Having your build configuration and dependencies as text files in the codebase helps to reproduce the development environment consistently across machines. Most modern build tools have loads of other features like one-click builds, security checks, license compatibility checks, etc.

5. Did you choose a logging framework?

While it’s is very tempting to defer choosing the logging framework and keep using console logging, it’s not a good idea. Make this decision early on. You will be writing cleaner code by avoiding console printing like print() and System.out.println(). This decision will become helpful when you want to integrate a monitoring system like Sentry, Datadog, ELK, etc.

6. Do you have static code analysis as part of your pipeline?

Many code linters exist today, ranging from open-source PMD to Sonar or Snyke. These linters can catch code-style issues as well security vulnerabilities early in the SDLC. Make it part of your IDE as well as CI/CD pipelines.

7. Do you have quality gates as part of the CI/CD pipeline?

Configure your CI/CD pipelines in such a way so that your code repositories reject any code change which has issues. These issues can range from unit test failure to static code analysis issues in the build.

8. Do you have a fully automated release and deployment process without manual steps?

Does your code automatically deploy upon successful merge in the pipeline? Does it require manual release approval? Whatever it may be, it has to be part of the fully automated pipeline. You are doing something severely wrong if you need to SSH somewhere or FTP files manually.

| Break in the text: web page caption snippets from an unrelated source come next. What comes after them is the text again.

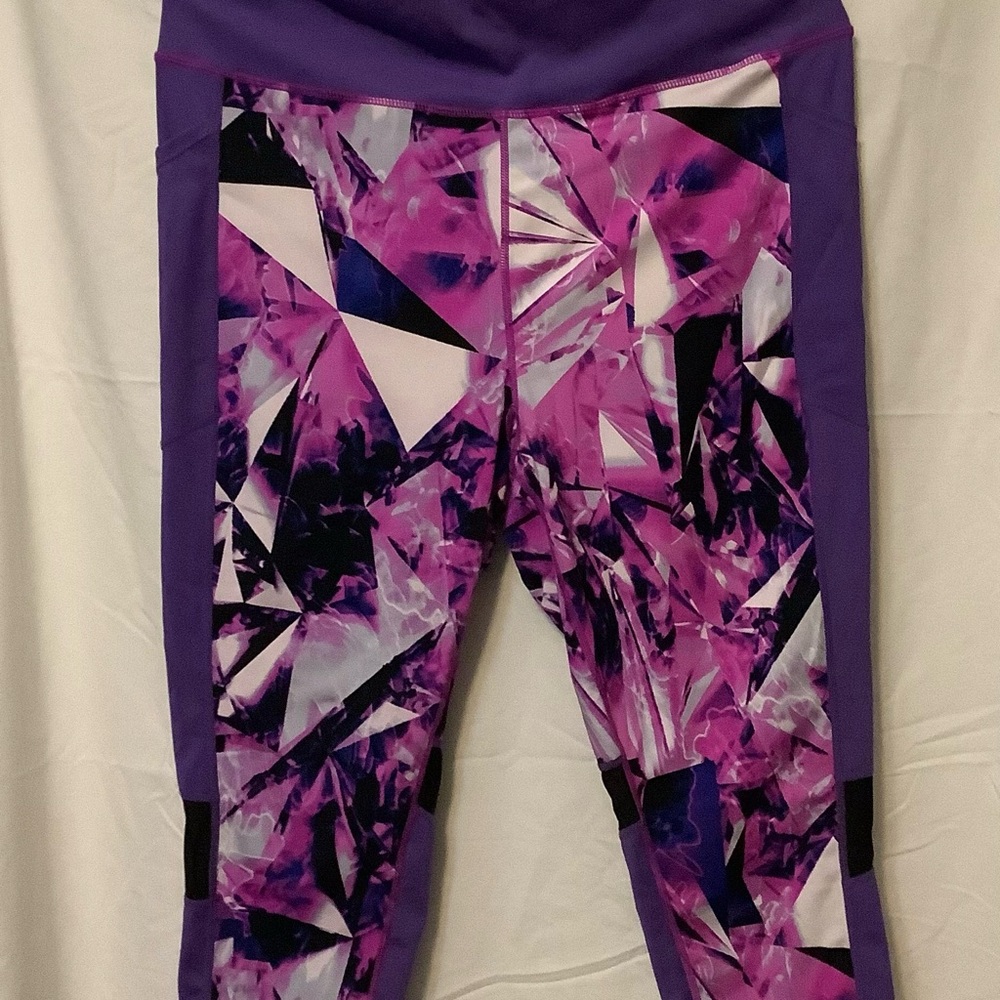 LuLaRoe Rise Capri Workout Leggings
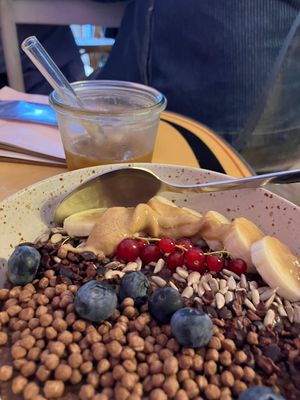 Kakao Porridge mit Iced orange americano at Café Bauchgefühl  in Cologne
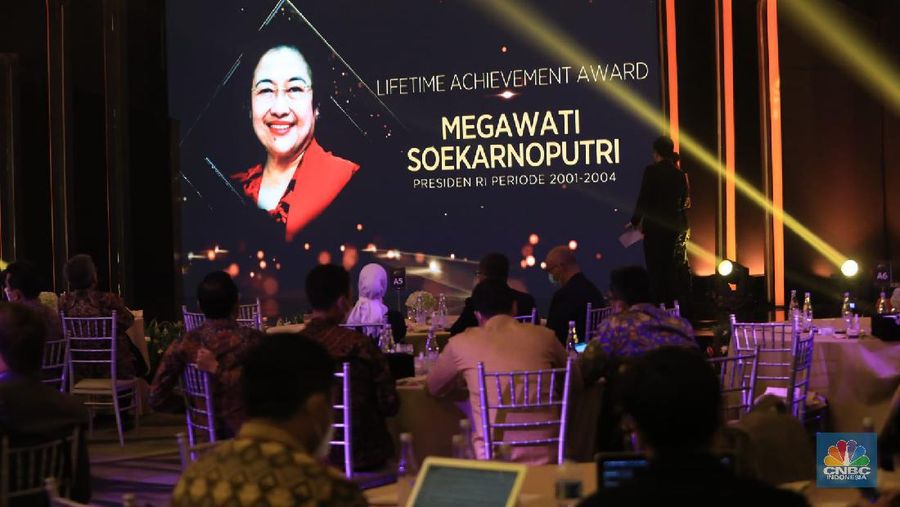 PT. Ajaib Sekuritas Asia terpilih menjadi pemenang penghargaan kategori The Best Retail Brokerage Firm dalam acara penghargaan CNBC Indonesia Award 2021. (CNBC Indonesia/ Tri Susilo)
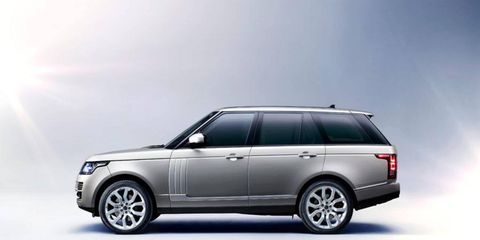 The 2013 Land Rover Range Rover is slightly lower than its predecessor but still maintains the model's classic lines.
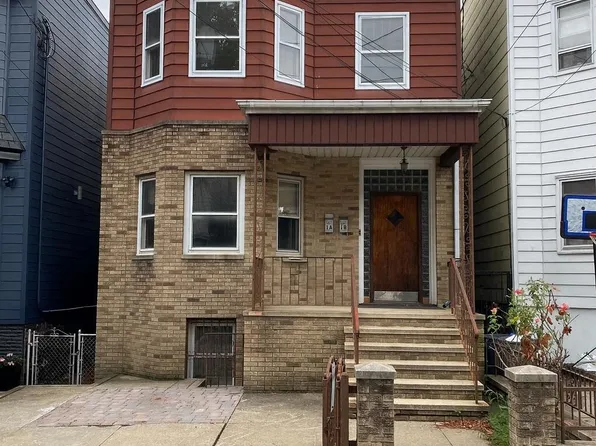 133 Oak Street image 1 of 9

9. Did you deploy a walking skeleton?

Once you have the smallest working piece of your software along with a framework that can do all of the above, deploy it. This will require you to set up a build tool, database, migration tool, CI/CD pipeline, code scan, and test execution. And finally, validate all of it by pushing small code changes that gets tested and deployed automatically and succesfully.

The software industry sees so much evolution so fast, but these are a few practices that have stood the test of time and become the holy grail when it comes to basic SDLC hygiene. A good checklist for kick-starting any new project!